• **MATERIAL FOR THIS EXERCISE**:
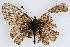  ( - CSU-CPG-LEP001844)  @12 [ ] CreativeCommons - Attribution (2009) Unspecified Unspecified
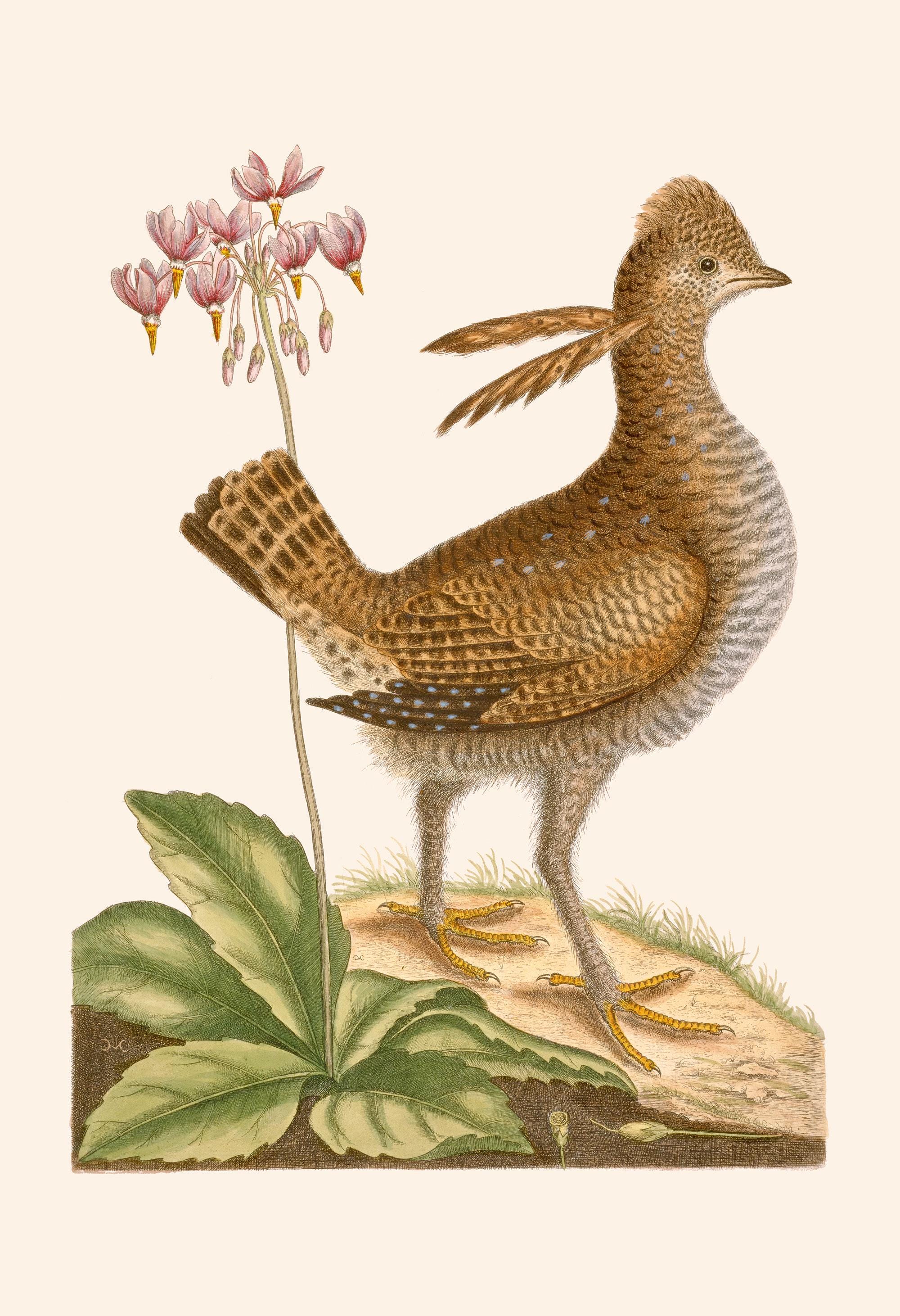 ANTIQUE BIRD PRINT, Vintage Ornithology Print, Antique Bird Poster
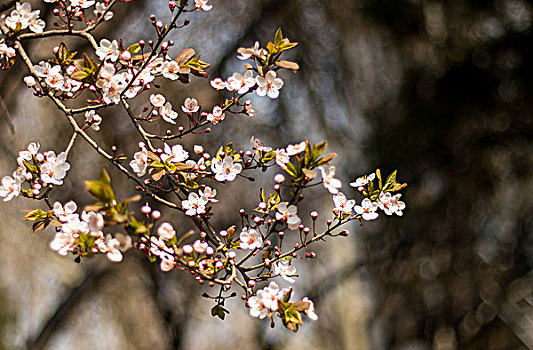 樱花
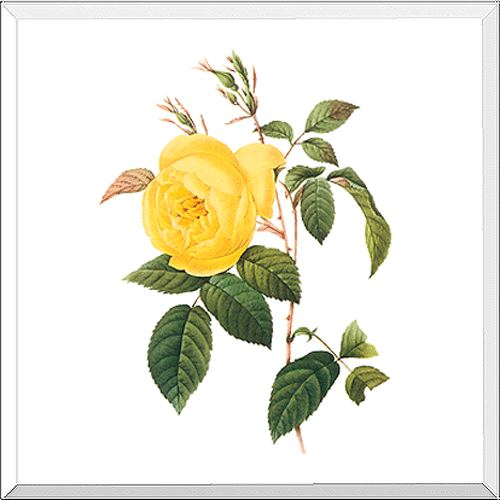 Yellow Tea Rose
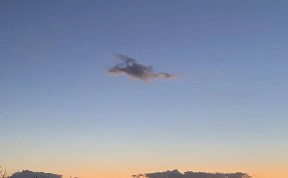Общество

• **TRY IT**: Keeping every word as it is, write out all the data and omit the pictures.

• **EXERCISE RESULT**:
  ( - CSU-CPG-LEP001844)  @12 [ ] CreativeCommons - Attribution (2009) Unspecified Unspecified
 ANTIQUE BIRD PRINT, Vintage Ornithology Print, Antique Bird Poster
 樱花
 Yellow Tea Rose
Общество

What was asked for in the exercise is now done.